The Justice Department veteran who tracked down Nazis has a new—and possibly last—mission targeting war criminals in Ukraine.
If this were a movie, the scene would write itself.
After nearly four decades pursuing Nazi perpetrators and other war criminals for the US Department of Justice, Eli M. Rosenbaum W’76 WG’77 [“In Pursuit of Justice,” Mar|Apr 2017] was preparing for a well-earned retirement. For years the work had been virtually nonstop, a marathon with the urgency of a sprint, powered by the need to locate and prosecute the guilty before they died. Now, finally, Rosenbaum was looking forward to traveling with his wife and reconnecting with friends and family.
Then, one evening in mid-June, Attorney General Merrick B. Garland called, requesting that he stay on for one final mission.

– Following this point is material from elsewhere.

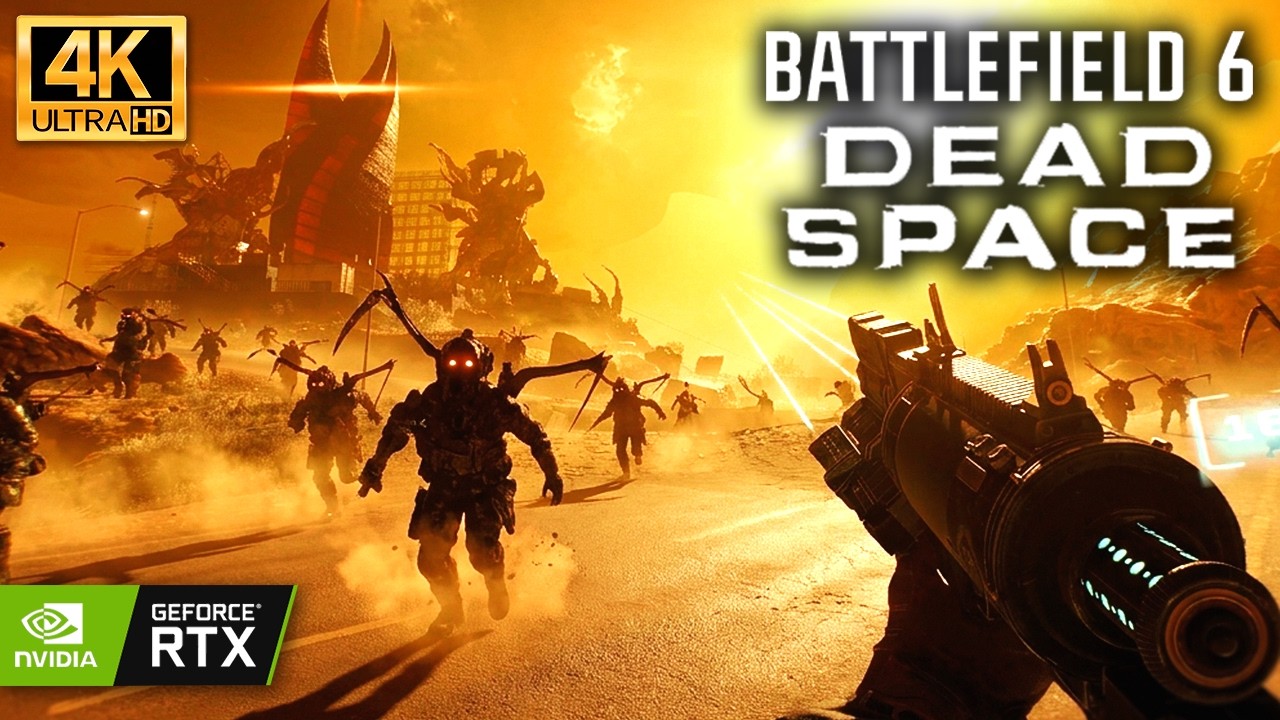 Battlefield 6 : *NEW* Dead Space Mode Gameplay [Halloween Event] | [4K Ultra Graphics]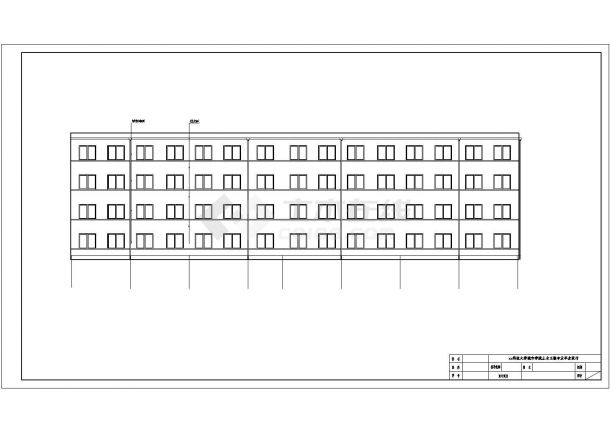 土木工程毕业设计_办公楼设计_某3100平米综合办公楼毕业设计方案CAD图纸-图一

“Life is what happens while you’re making other plans, right?” Rosenbaum, director of the DOJ’s Human Rights Enforcement Strategy and Policy since 2010, says. “And this is a classic example.”
When Rosenbaum answered the phone, Garland asked him to lead the Justice Department’s efforts to investigate war crimes in Ukraine, where reported atrocities against civilians by Russian troops have included bombings, torture, rape, and murder. “I was double gob-smacked,” says Rosenbaum. But he quickly assented to the one-year commitment. “People are dying. What more important thing could I do?”
A week later, as the newly appointed Counselor for War Crimes Accountability, Rosenbaum found himself in the western Ukrainian border town of Krakovets, meeting with Ukrainian prosecutors. “Whatever hesitation I might have had about whether I should be doing this work completely dissipated,” he says. “Seeing the determination of our Ukrainian colleagues to pursue justice even while their country was being decimated by cruel Russian Federation attacks was beyond inspiring.” He gained further inspiration, he says, from a mid-July conference on accountability for Ukrainian war crimes held in The Hague, in the Netherlands.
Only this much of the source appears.